(Image-text web data)
•••
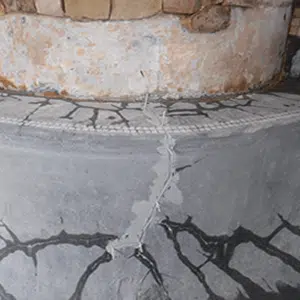 A close-up of a weathered, cracked stone structure with visible lines of repair. The surface shows signs of age and texture, conveying durability and history.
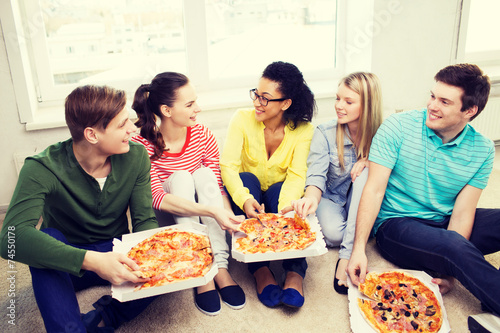 Photographie five smiling teenagers eating pizza at home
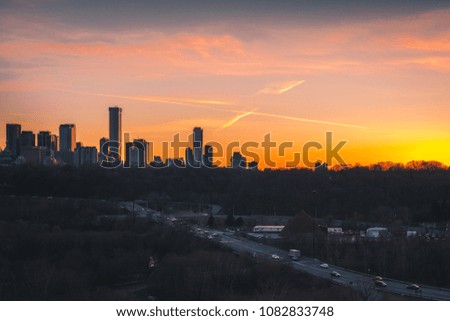 Bright colourful sunset over downtown Toronto office buildings and condominiums.
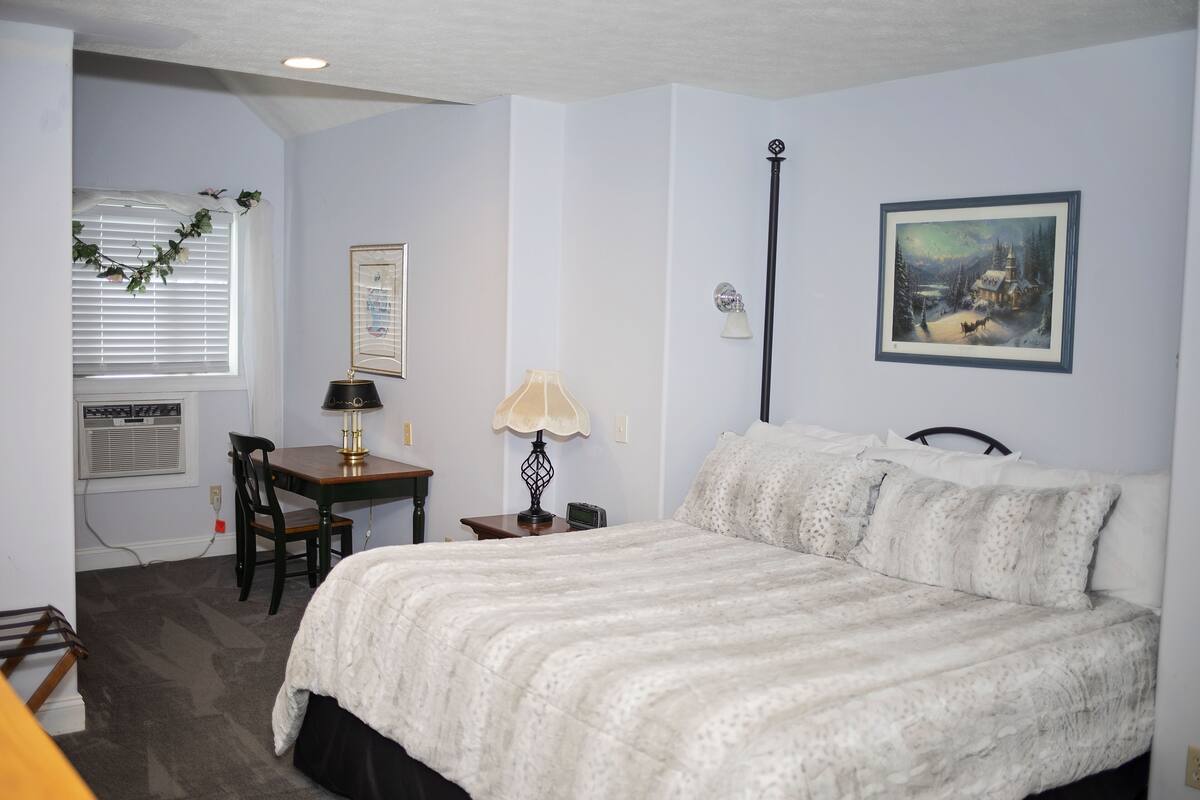 Une chambre à coucher avec un lit, un bureau, une chaise, une lampe, un tableau au mur et une fenêtre avec des stores.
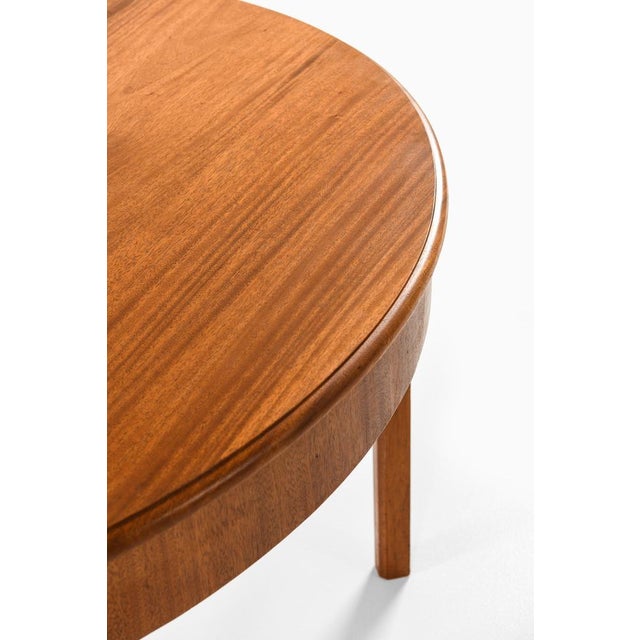 This rare dining table, designed by Kaare Klint and produced by the esteemed cabinetmaker Rud. Rasmussen in Denmark during...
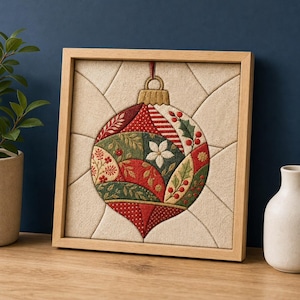 May include: A square framed fabric wall art piece featuring a central embroidered Christmas ornament design. The ornament is composed of red, green, and cream fabric segments with floral and berry patterns, set against a beige background.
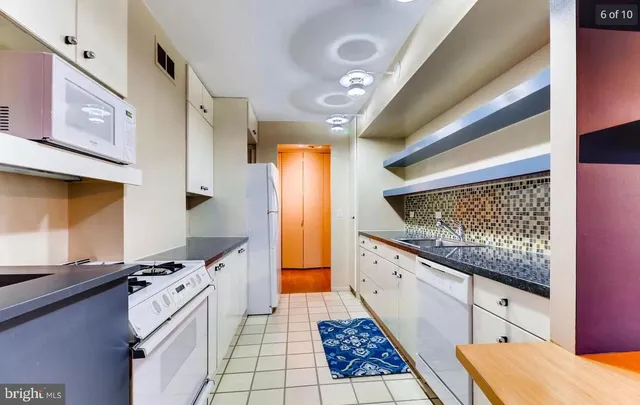 a open kitchen with stainless steel appliances granite countertop a sink and cabinets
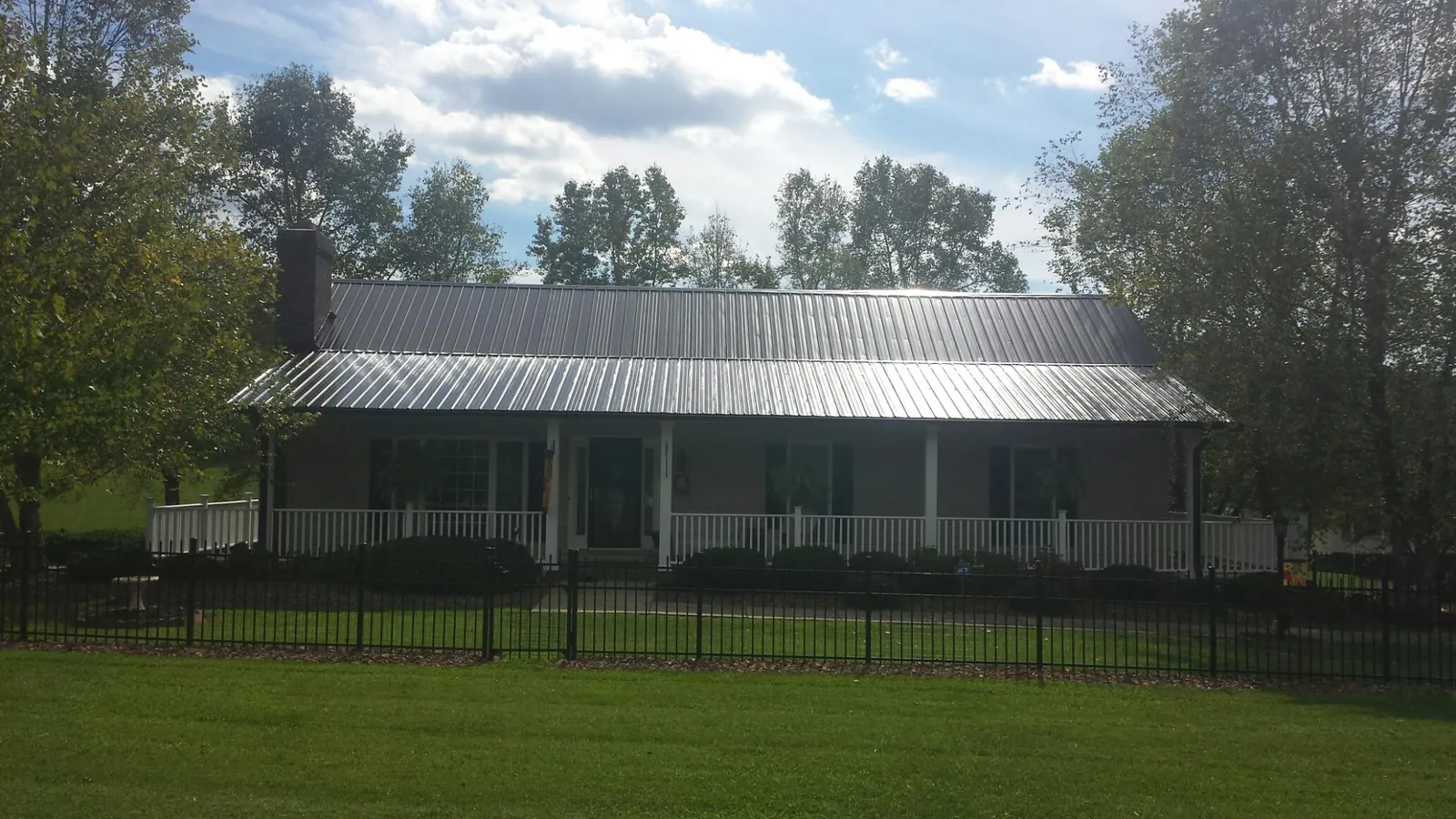 Gray metal roof on a brick ranch with a full width front porch — Gutter Guard Installation work by our crew in Hoboken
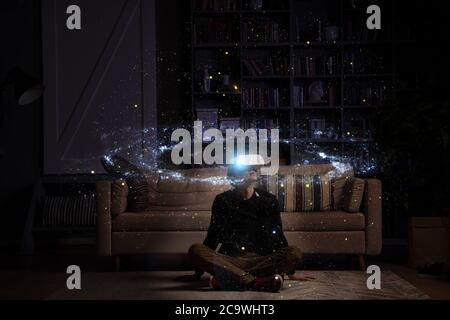 Man uses virtual reality glasses to see the galaxy space. Elements of this image furnished by NASA. Stock Photo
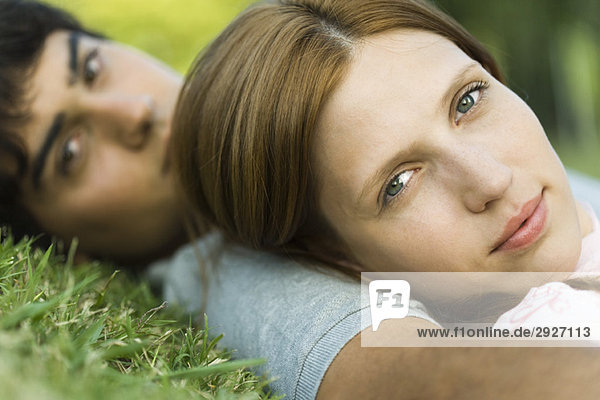 Junges Paar auf Gras liegend  in die Kamera schauend  Nahaufnahme
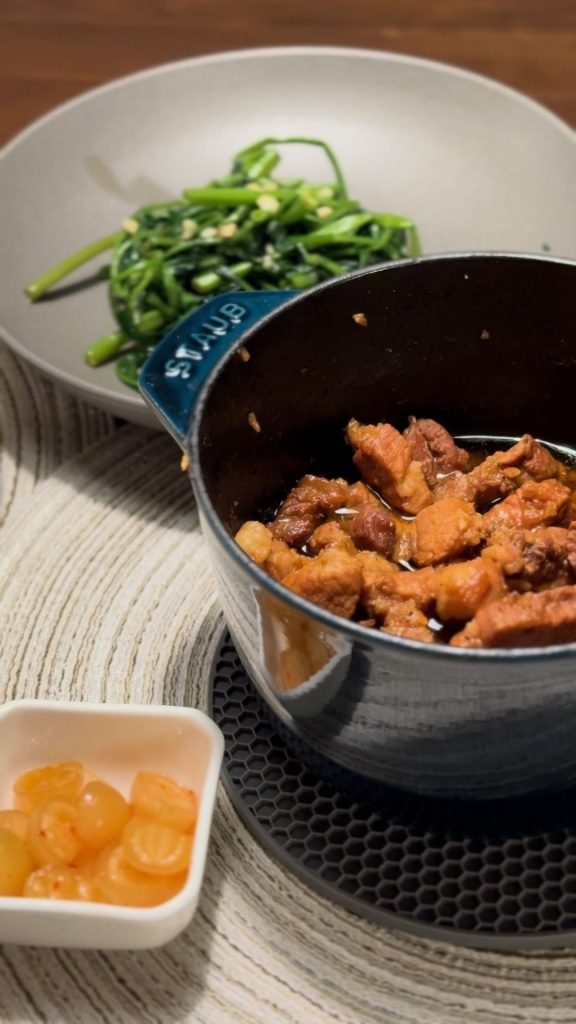 Caramelized pork belly braising in a dark blue Dutch oven, with a plate of stir-fried water spinach and a small dish of pickles on the table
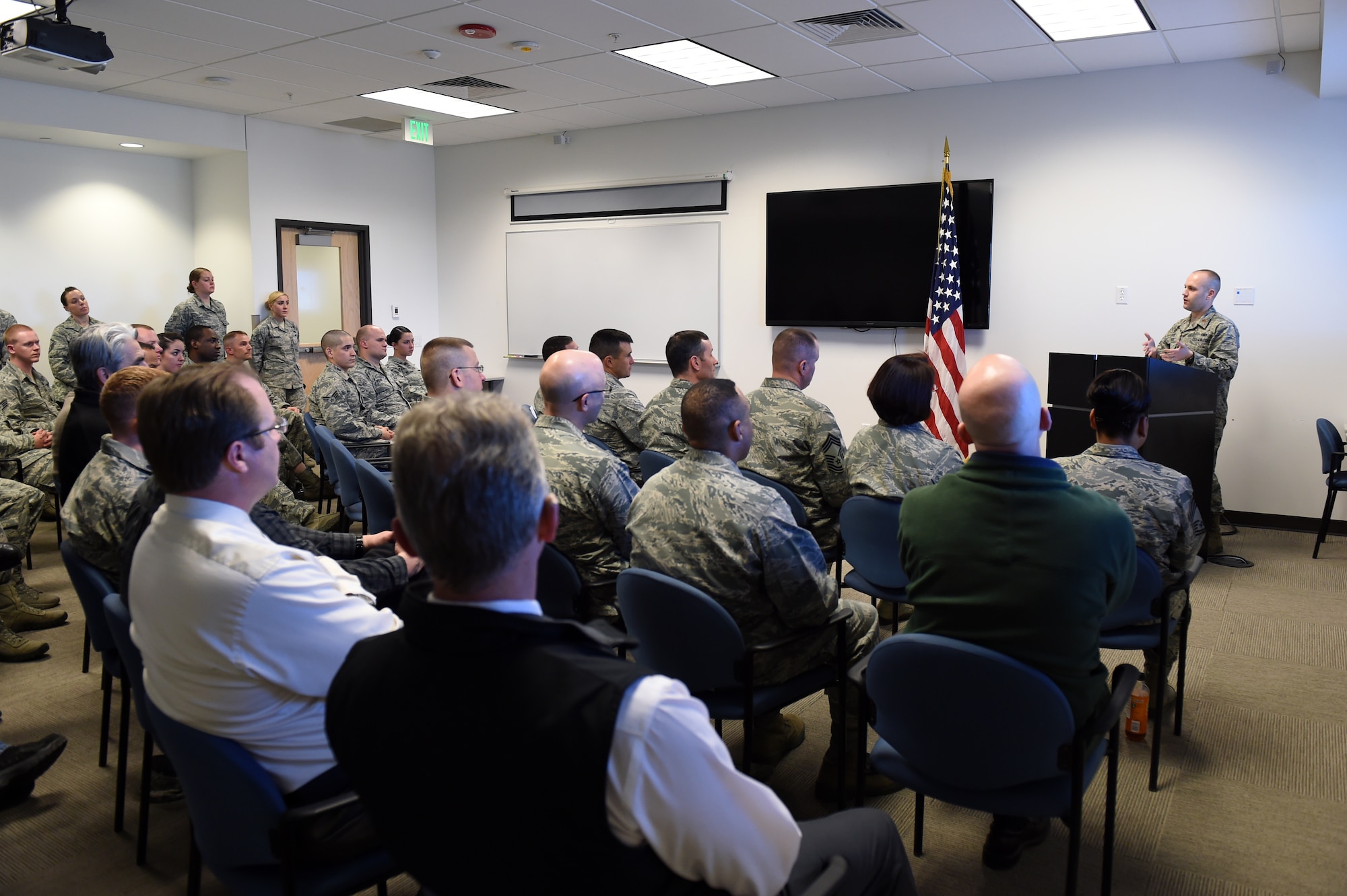 Maj. Jason Stack, 460th Security Forces Squadron commander, speaks during the Base Defense Operations Center ribbon cutting ceremony Feb. 19, 2015, on Buckley Air Force Base, Colo. The BDOC ribbon cutting ceremony took place to recognize the new BDOC being opened in the 460th SFS building. (U.S. Air Force photo by Airman 1st Class Emily E. Amyotte/Released)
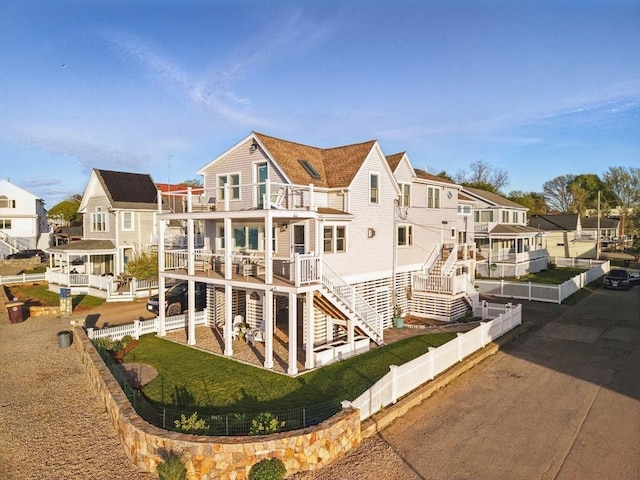 119 Fort Point Rd, Weymouth, MA 02191 - rear view of property with a fenced backyard, a residential view, and a balcony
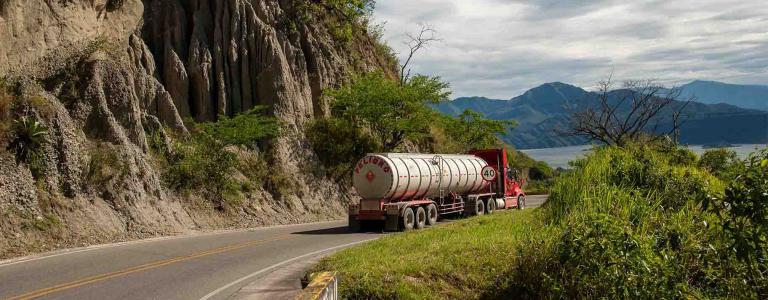 A tank truck drives along a mountain road.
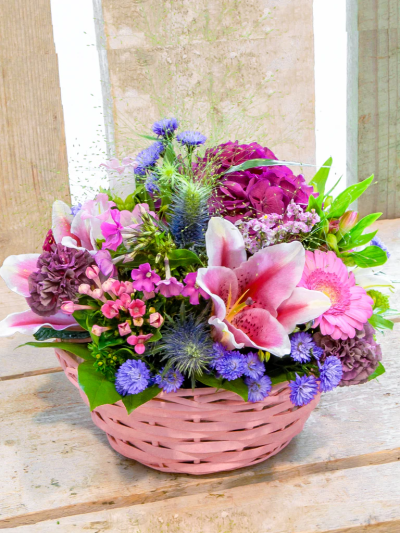 Grandma's Favorite Basket - A pretty collection of purple & pink flowers skilfully arranged in a beautiful basket to send your message wonderfully.

Please note: for seasonal and other supply reasons, we may occasionally substitute some of the blooms shown in the image. We will always try to be true to the bouquet's colour coordination, style, and shape and guarantee to give you the full value paid. If you have any queries, please email or call us and we would be delighted to confirm availability and explain alternatives. See the 'Contact Us' section.
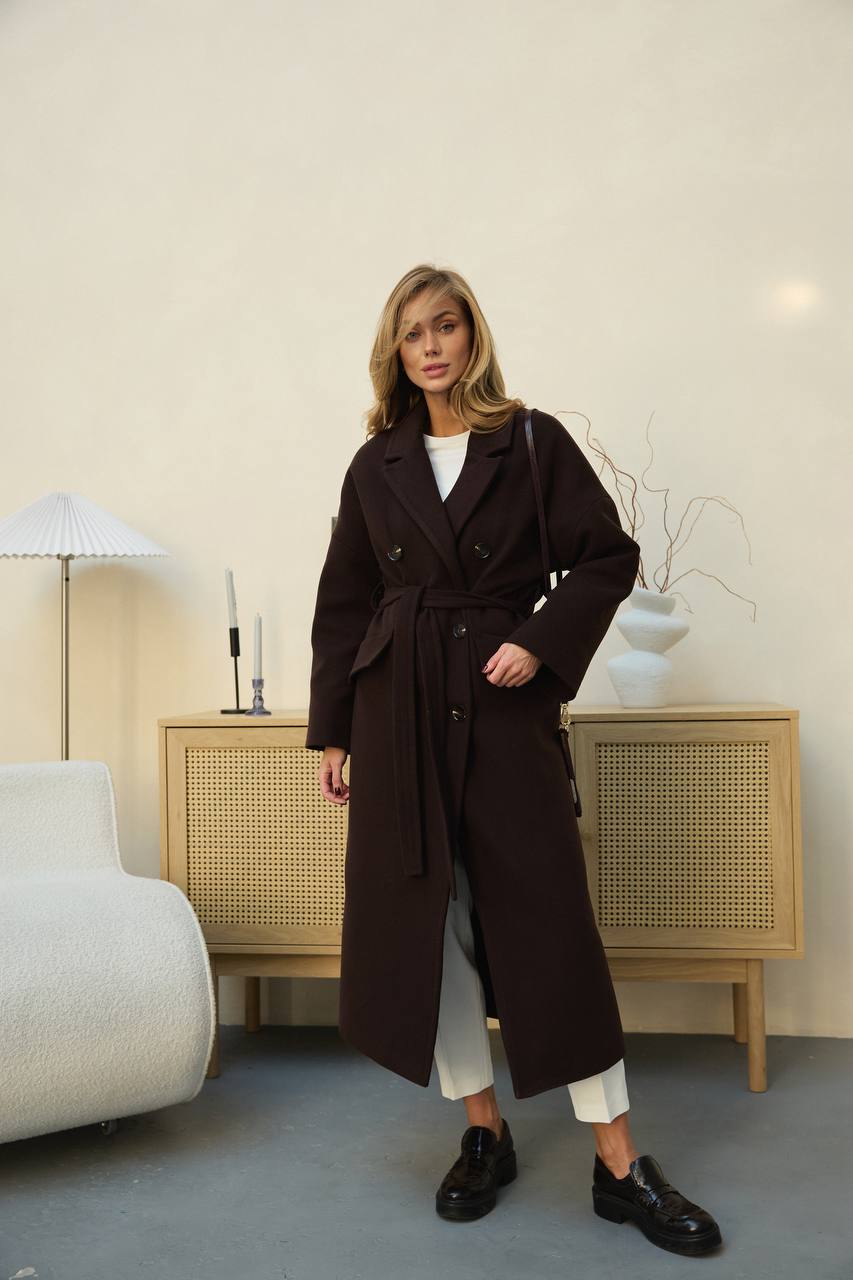 Woman wearing a long dark coat in a living room setting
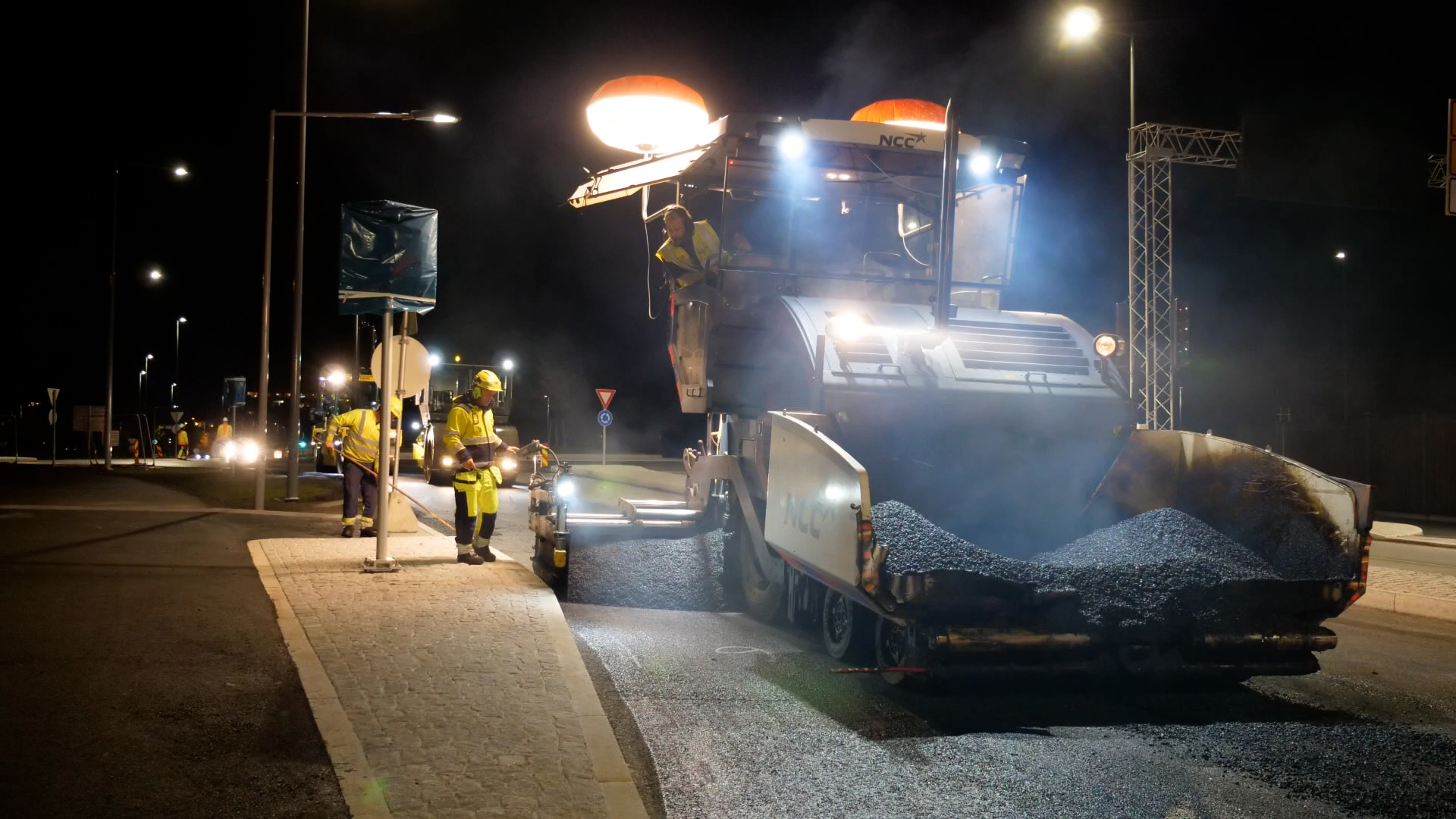 Asfaltutlegger som legger asfalt om natten, opplyst med kraftige arbeidslys.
•••
### Work task
Your answer must be the records above, word for word, with every picture left out.

### Response to the exercise
 A close-up of a weathered, cracked stone structure with visible lines of repair. The surface shows signs of age and texture, conveying durability and history.
 Photographie five smiling teenagers eating pizza at home
 Bright colourful sunset over downtown Toronto office buildings and condominiums.
 Une chambre à coucher avec un lit, un bureau, une chaise, une lampe, un tableau au mur et une fenêtre avec des stores.
 This rare dining table, designed by Kaare Klint and produced by the esteemed cabinetmaker Rud. Rasmussen in Denmark during...
 May include: A square framed fabric wall art piece featuring a central embroidered Christmas ornament design. The ornament is composed of red, green, and cream fabric segments with floral and berry patterns, set against a beige background.
 a open kitchen with stainless steel appliances granite countertop a sink and cabinets
 Gray metal roof on a brick ranch with a full width front porch — Gutter Guard Installation work by our crew in Hoboken
 Man uses virtual reality glasses to see the galaxy space. Elements of this image furnished by NASA. Stock Photo
 Junges Paar auf Gras liegend  in die Kamera schauend  Nahaufnahme
 Caramelized pork belly braising in a dark blue Dutch oven, with a plate of stir-fried water spinach and a small dish of pickles on the table
 Maj. Jason Stack, 460th Security Forces Squadron commander, speaks during the Base Defense Operations Center ribbon cutting ceremony Feb. 19, 2015, on Buckley Air Force Base, Colo. The BDOC ribbon cutting ceremony took place to recognize the new BDOC being opened in the 460th SFS building. (U.S. Air Force photo by Airman 1st Class Emily E. Amyotte/Released)
 119 Fort Point Rd, Weymouth, MA 02191 - rear view of property with a fenced backyard, a residential view, and a balcony
 A tank truck drives along a mountain road.
 Grandma's Favorite Basket - A pretty collection of purple & pink flowers skilfully arranged in a beautiful basket to send your message wonderfully.

Please note: for seasonal and other supply reasons, we may occasionally substitute some of the blooms shown in the image. We will always try to be true to the bouquet's colour coordination, style, and shape and guarantee to give you the full value paid. If you have any queries, please email or call us and we would be delighted to confirm availability and explain alternatives. See the 'Contact Us' section.
 Woman wearing a long dark coat in a living room setting
 Asfaltutlegger som legger asfalt om natten, opplyst med kraftige arbeidslys.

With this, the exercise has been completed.